Although brokers would like the option to trade with an insurer in a variety of ways - reflected by hybrid broker systems and extranets being the eTrading route most used by brokers - when this is coupled with other manual routes, it creates increased overheads for insurers. This is then reflected in higher prices or lower commissions on offer.
Automation of insurance processes at scale is the environment we now operate in - insurers and brokers will continue to take advantage and build out opportunities to improve their efficiency in the future, to the benefit of all parties.
Aside from the useful stats on broker systems and extranets, I also looked at the verbatim comments from the research report, to see if they pointed in the same direction.

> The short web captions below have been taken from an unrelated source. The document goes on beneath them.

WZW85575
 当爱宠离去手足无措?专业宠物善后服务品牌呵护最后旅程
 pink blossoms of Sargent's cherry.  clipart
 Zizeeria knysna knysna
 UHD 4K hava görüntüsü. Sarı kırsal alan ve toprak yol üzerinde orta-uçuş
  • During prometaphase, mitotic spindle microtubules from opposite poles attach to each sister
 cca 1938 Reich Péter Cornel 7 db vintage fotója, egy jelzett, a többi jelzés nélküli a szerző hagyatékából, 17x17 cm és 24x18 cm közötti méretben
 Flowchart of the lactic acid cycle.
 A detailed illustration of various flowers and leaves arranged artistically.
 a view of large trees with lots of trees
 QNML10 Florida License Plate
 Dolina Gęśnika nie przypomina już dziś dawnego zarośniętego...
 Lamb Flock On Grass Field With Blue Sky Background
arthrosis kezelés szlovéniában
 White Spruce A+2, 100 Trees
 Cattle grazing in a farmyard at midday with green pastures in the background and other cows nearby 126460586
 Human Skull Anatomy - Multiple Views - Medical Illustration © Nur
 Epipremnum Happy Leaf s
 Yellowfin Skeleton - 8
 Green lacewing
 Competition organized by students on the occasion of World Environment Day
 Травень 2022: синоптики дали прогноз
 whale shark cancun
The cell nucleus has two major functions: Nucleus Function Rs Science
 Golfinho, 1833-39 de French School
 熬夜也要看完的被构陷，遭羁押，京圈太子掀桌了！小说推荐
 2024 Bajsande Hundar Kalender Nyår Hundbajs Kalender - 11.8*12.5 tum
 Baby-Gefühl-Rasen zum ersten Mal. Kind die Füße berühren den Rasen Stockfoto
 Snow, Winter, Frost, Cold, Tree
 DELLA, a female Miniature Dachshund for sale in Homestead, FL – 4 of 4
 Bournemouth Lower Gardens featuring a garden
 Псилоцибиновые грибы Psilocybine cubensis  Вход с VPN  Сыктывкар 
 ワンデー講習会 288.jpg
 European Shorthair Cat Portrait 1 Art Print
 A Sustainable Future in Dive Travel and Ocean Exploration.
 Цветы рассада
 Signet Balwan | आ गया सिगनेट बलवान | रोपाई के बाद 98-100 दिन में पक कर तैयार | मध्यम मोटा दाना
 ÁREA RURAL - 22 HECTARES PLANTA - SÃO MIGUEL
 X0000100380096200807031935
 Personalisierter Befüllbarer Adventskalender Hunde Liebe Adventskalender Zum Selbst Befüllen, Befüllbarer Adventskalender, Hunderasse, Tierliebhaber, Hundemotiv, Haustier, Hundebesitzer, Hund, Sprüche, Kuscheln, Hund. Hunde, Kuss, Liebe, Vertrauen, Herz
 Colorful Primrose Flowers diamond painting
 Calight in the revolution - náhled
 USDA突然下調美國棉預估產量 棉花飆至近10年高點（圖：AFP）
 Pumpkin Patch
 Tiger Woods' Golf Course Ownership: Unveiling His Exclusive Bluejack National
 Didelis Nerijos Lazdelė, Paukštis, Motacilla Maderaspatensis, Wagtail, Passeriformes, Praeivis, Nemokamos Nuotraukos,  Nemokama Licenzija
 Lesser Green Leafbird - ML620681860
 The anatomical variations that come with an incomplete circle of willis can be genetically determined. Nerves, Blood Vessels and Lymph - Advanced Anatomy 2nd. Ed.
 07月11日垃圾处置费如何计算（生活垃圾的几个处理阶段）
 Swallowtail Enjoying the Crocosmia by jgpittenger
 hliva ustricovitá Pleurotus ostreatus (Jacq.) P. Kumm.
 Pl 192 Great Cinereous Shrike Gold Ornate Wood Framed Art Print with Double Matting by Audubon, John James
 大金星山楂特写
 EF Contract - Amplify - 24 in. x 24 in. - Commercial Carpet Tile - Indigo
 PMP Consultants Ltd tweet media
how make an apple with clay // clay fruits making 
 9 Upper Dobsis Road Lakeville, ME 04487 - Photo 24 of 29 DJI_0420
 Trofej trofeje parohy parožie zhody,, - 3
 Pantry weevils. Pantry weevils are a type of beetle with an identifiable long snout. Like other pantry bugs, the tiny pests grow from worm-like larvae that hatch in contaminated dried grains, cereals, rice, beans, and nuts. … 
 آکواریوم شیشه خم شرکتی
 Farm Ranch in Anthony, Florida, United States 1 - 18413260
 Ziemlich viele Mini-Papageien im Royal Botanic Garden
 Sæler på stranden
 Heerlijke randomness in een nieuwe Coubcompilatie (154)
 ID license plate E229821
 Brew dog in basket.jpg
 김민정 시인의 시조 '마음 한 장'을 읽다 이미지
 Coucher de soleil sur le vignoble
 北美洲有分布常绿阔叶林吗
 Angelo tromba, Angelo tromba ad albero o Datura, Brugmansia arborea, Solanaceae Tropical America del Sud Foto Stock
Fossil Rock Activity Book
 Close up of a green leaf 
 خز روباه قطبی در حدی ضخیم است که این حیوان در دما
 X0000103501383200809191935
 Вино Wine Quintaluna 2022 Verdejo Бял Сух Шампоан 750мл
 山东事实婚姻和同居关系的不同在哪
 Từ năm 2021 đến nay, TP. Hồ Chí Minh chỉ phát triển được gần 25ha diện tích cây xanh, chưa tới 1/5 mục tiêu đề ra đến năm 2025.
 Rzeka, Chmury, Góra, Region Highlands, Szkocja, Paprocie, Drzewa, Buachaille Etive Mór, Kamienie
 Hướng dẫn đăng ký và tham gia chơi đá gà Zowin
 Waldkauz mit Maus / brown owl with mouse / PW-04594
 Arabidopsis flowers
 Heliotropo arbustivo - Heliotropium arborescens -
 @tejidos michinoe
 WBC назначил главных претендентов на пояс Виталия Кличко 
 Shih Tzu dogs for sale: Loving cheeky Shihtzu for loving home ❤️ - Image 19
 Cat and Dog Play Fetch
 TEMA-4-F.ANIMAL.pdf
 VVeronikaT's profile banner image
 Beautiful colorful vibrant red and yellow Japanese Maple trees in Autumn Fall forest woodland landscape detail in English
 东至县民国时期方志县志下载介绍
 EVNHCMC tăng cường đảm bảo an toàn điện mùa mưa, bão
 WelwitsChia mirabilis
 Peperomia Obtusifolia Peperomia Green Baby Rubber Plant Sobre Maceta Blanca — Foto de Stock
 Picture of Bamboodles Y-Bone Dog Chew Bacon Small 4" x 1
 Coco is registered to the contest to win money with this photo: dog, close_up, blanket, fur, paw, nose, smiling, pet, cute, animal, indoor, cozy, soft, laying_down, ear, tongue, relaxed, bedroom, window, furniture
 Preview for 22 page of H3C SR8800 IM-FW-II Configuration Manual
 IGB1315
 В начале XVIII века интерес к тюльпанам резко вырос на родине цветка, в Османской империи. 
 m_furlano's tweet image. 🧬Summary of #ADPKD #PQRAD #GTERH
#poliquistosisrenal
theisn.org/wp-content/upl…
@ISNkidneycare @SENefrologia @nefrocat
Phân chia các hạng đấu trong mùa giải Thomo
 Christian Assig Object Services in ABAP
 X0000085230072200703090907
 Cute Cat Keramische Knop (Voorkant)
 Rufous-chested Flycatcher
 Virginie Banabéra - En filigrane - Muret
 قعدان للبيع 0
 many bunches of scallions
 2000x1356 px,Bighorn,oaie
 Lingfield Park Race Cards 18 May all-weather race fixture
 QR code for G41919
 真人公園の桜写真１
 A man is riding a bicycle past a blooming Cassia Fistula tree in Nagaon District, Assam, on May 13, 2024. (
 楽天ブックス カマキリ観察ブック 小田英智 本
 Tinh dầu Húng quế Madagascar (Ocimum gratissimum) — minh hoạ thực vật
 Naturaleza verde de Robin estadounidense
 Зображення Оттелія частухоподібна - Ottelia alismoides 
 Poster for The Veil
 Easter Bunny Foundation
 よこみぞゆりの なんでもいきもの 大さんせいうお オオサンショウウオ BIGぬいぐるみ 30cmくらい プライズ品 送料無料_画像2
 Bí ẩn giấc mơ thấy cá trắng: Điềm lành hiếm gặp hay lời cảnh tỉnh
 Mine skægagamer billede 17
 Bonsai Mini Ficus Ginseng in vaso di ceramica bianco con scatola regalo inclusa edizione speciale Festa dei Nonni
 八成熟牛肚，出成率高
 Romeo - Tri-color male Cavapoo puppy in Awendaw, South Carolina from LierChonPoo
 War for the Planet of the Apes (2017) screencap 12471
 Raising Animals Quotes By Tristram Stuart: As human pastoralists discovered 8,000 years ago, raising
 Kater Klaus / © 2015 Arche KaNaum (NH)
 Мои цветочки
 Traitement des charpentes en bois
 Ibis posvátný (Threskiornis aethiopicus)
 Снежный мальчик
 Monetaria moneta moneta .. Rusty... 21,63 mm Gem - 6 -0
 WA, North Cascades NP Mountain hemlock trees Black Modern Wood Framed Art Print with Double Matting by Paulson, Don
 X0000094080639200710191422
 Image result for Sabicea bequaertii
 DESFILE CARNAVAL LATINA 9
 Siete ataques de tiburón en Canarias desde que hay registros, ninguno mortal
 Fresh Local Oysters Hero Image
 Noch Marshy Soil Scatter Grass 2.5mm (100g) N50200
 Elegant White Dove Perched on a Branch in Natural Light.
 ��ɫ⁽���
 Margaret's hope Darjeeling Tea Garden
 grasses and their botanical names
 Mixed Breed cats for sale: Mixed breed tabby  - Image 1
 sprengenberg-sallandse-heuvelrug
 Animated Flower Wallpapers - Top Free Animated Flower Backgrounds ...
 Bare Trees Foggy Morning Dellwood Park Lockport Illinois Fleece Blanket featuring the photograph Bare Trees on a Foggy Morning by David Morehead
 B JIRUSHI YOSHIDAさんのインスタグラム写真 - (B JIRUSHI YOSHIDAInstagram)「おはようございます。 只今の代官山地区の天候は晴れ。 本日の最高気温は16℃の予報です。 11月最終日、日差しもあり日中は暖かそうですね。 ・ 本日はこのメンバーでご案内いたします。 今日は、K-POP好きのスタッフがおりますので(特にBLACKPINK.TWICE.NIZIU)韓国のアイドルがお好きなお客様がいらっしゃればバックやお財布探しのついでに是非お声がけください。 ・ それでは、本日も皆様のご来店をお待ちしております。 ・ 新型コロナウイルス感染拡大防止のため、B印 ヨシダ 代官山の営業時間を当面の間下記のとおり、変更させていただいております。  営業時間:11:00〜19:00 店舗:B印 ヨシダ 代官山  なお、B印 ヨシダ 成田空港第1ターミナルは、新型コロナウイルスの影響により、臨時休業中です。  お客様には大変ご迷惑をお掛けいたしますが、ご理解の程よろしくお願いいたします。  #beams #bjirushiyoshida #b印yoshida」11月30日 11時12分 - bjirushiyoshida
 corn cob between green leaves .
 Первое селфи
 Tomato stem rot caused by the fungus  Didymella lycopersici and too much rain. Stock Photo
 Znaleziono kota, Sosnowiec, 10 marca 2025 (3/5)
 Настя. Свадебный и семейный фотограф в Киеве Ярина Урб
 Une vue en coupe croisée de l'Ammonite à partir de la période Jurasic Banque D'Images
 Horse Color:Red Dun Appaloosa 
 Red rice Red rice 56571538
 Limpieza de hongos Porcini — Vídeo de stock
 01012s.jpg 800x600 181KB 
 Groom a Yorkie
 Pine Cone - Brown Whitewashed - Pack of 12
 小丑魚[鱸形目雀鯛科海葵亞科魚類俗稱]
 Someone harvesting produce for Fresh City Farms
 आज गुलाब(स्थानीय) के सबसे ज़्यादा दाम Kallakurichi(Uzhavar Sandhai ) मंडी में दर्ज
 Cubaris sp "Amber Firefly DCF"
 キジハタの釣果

For broker systems, the top three reasons for using broker systems were:
- The efficiency and time saved.
- Ease of use.
- Ability to compare.
Whereas for primarily extranet users, the top three reasons for picking this eTrading route were:
- Ease of use.
- Broker system isn’t there yet.
- Quicker to use.
For brokers that used both routes for eTrading, the top three reasons for this were:
- Not all products are available on broker systems.
- Extranets sometimes fit better.
- Insurers want brokers to eTrade in a particular format.
What brokers are saying is that, in the main, they want to use their broker system as it saves them time and it is easier to compare. However, where the product isn’t available yet on their system, or where the risk is less straightforward, they will revert to extranets.
Future direction
It’s good to see high levels of feedback in the Five Star Rating Report: ETrading 2022, as this indicates that brokers want digital trading to work for their business.
The products that brokers have suggested insurers develop indicate that digital trading is continuing to evolve into more complex areas. The challenge for the market will be how to develop some of these smaller product lines in a cost effective way, to enable insurers to consider extending their product ranges.
For this to happen, it’s important that brokers back the eTrading model that supports their strategic direction and ensure that when digital products and solutions come to market, that they adopt them throughout their businesses.
From Polaris’ perspective, we continue to see growth in Imarket, which connects brokers and insurers to digitally trade business. Imarket now supports nearly 500,000 annualised policies.